This one has been shaping up for a while, but check out how trend prognosticator Peter Sealey sees this one going:

Apple is selling five million iPods each quarter. I walk to the U.C. Berkeley campus where I teach and I swear that everybody I see has white earplugs in their ears. What are they going to do at Clear Channel Communication, or Infinity Broadcasting? How would you like to be in the radio business today? “It is all part of a shift from mass media to personalized media,” Paul Saffo from the Institute for the Future said. And, it is going to be the death of the music CD. We know it now: the music CD is going. The record labels have to understand that people are going to have their recorded music for free. Trying to sell CDs at seventeen ninety-five is all over. You are going to sell some downloadable music legally, but the CD is dead as a medium. And, the record labels have to understand, the profit in the future is not going to come off selling shiny discs but in public performance and merchandising. Those things plus the accoutrements of live entertainment where the money is going to be made in recorded music.

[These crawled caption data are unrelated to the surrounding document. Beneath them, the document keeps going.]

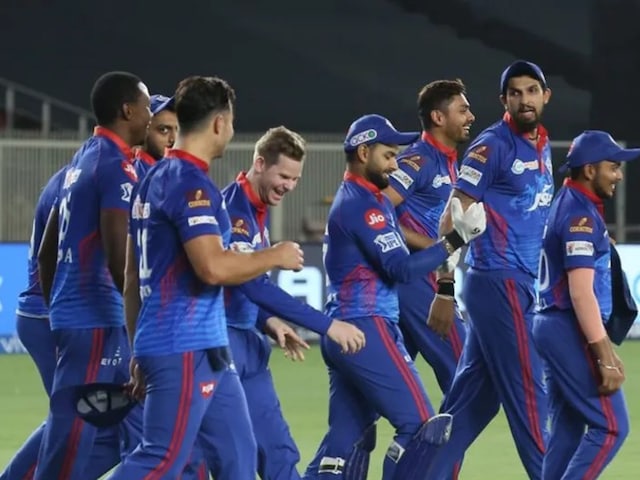 Bring back this jersey for next year i beg @DelhiCapitals 🙏🙏🙏🙏🙏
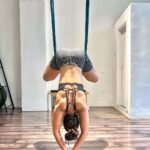 Hina Khan Instagram - YOG.. It teaches me to let go of negativity and embrace positivity.. The best therapy to a happy soul, fresh positive mind and a heathy body.. #happyinternationalyogaday #yogainspiration #yogaeveryday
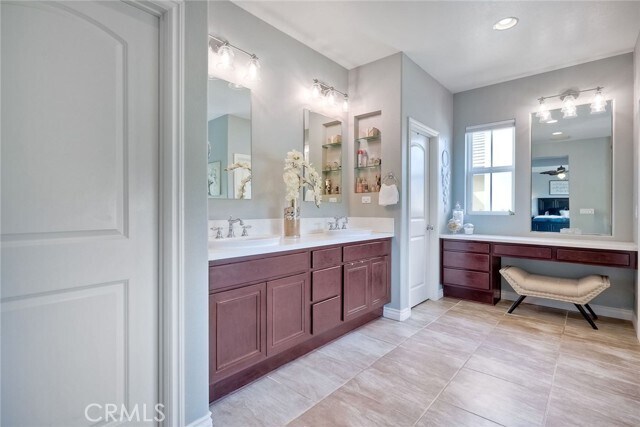 Building Photo - 5018 Medalist Ct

The answer for radio is, of course, to make its content personalizable and controllable. Under that scenario, there’s no one I’d like to be more than Clear Channel or Infinity – if they have the content at hand.

As for the Saffo quote on the future of the CD, is there anyone at the labels who truly understands the obviousness of this?

When we marvel at the ability of Starbucks to power a CD to the top of the charts, what we’re really seeing is the CD as convenience purchase, like a pack of gum at the supermarket. This has nothing to do with anything. Unless the labels decide to stock one or two CD’s at every checkout counter at every store in America, they had better wake up and smell the future.